# How many hen per rooster?



## jerryboobs (Apr 30, 2013)

Help


Sent from my iPhone using Chicken Forum


----------



## pypy_chicks (Mar 14, 2014)

I hear 8-12 often depending on breed . I am personally keeping all mine at under 10 per rooster if I can help it .


Current flock: 51


----------



## hellofromtexas (Feb 16, 2014)

6-12

Problems at 6, and under, is over breeding but that can be fixed with chicken saddles if needed (i.e. super rare expensive breeding project) Over breeding will hurt egg production and the roosters will hurt the hen backs.

Problems at 12, and the higher numbers, are fertility issues. This is kinda dependent on the rooster and how virile he is. You will know you have too many hens when you find a bunch of unfertile eggs. However to avoid rooster fights, higher hen numbers can reduce this.

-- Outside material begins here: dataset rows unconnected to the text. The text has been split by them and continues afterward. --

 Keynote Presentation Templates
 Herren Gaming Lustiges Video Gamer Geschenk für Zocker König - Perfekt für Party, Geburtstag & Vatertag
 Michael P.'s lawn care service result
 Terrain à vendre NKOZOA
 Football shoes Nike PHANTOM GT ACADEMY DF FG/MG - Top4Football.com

Though I should point out, sometimes there is nothing you can do to stop a rooster fight except separate pens and separating them completely


----------



## greg1266 (Mar 19, 2014)

I would say 6- 10. Especially if your trying to breed them. If there are any more hens then that, the eggs might not be fertile because roosters sometimes tend to favor 2-3 hens.

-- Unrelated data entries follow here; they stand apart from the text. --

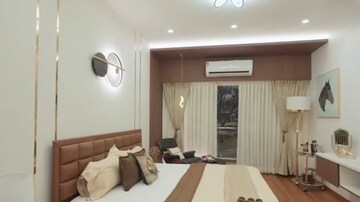 Master Bedroom in 3 BHK Apartment at Pallavaram – for Sale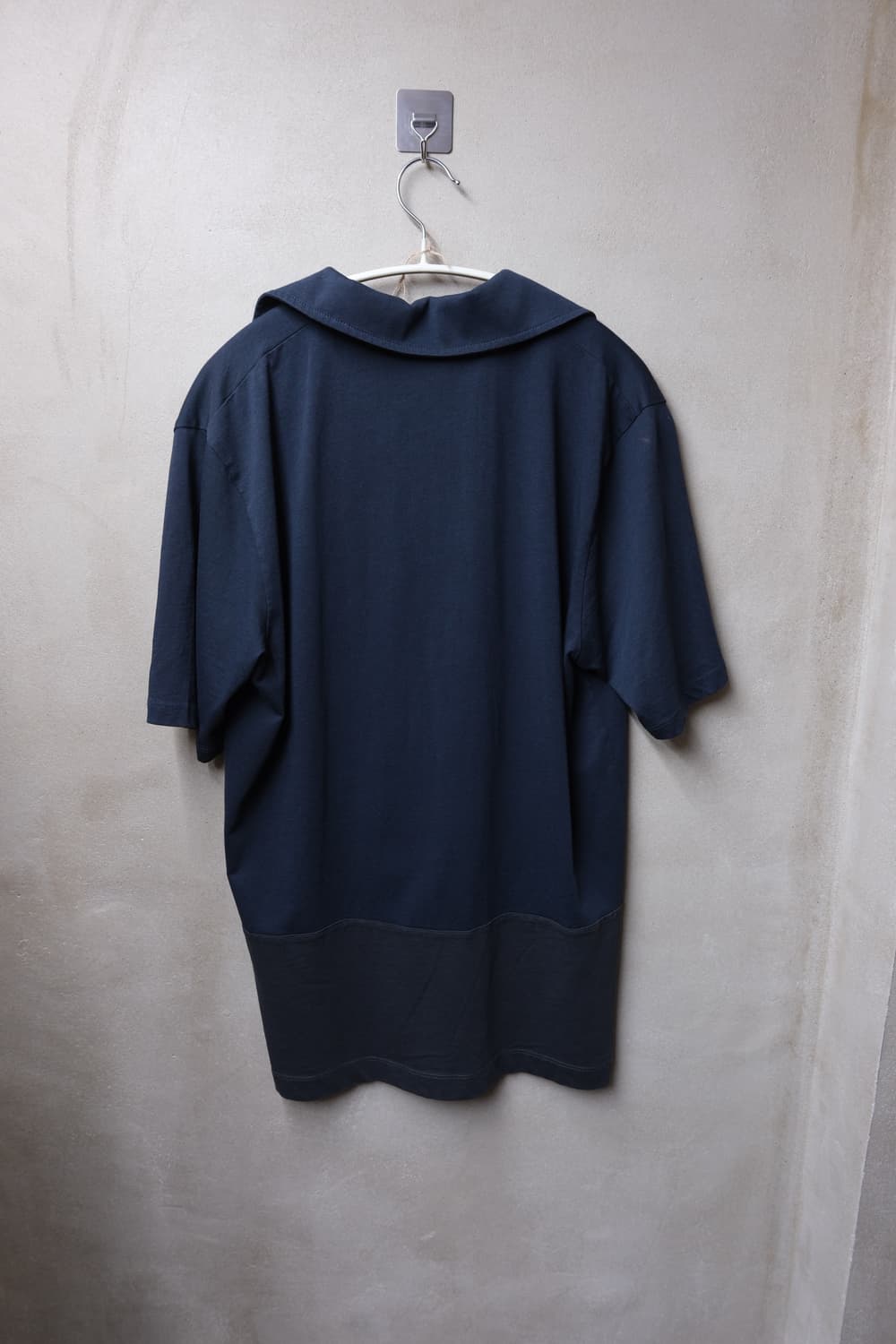 Dries van noten 카라 반팔티 M 상품이미지5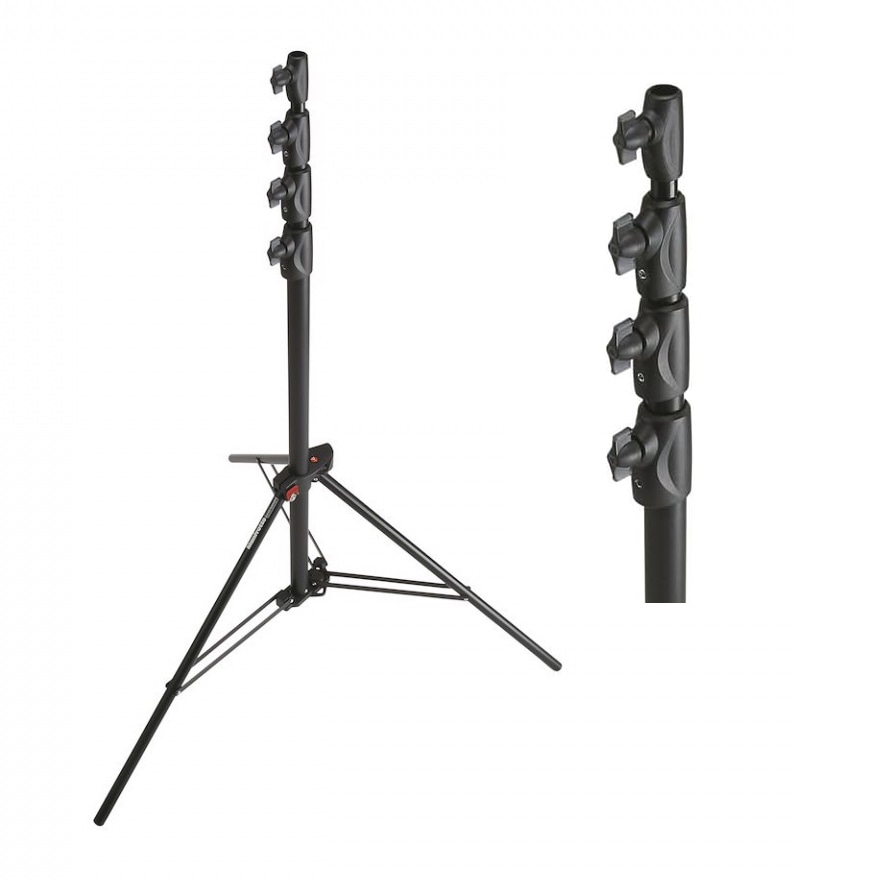 Manfrotto(マンフロット) アルミマスタースタンドAC Jタイプ 1004JBAC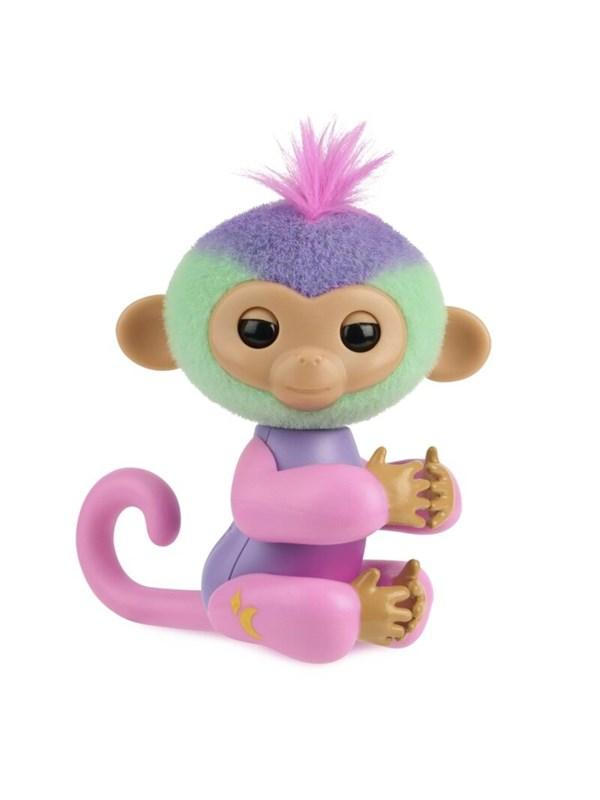 FINGERLINGS Fortune Telling Fingerling Magic Mood Monkey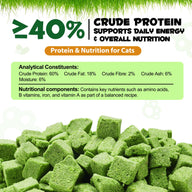 Oimmal Cat Grass Pellets 80g - 1Pack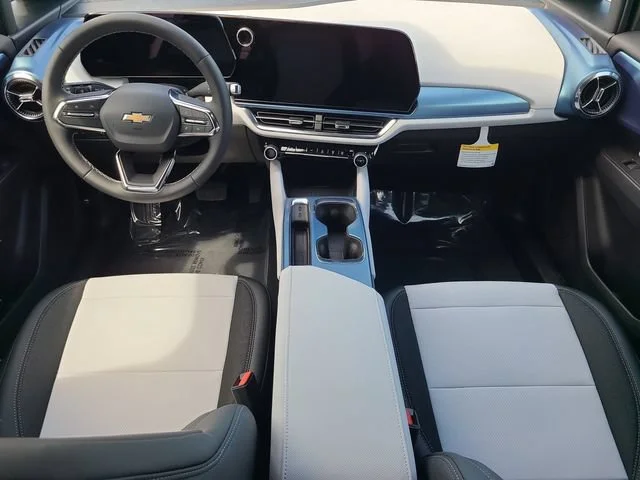 New 2026 Sterling Gray Metallic Chevrolet LT image 14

Sent from my iPad using Chicken Forum


----------



## hildar (Oct 3, 2013)

Right now I have 2 roosters with no girls, one rooster with one girl, and my older rooster with 9 girls. However my little guy with the 1 girl was in the recoup-orating area because he had come to us as a throw away, his middle toe was bleeding badly, and since I had a small wounded female hen that we had taken in I let them be together. As for breeding I think he bred her once in the past 2 months.

My single boys are not mature enough yet to be left alone with the ladies, the last few times I added one with the ladies they would breed the same girl 20 times in 30 minutes. I don't tolerate that. Plus one of my Delaware roosters is a fighter.


----------



## twentynine (Jul 11, 2012)

I go with 6-12, depending on how old the rooster. The older roosters sometimes mellow out and are not Johnny on the spot. Put another rooster in the coop, and the old guy gets some pep in his step.


----------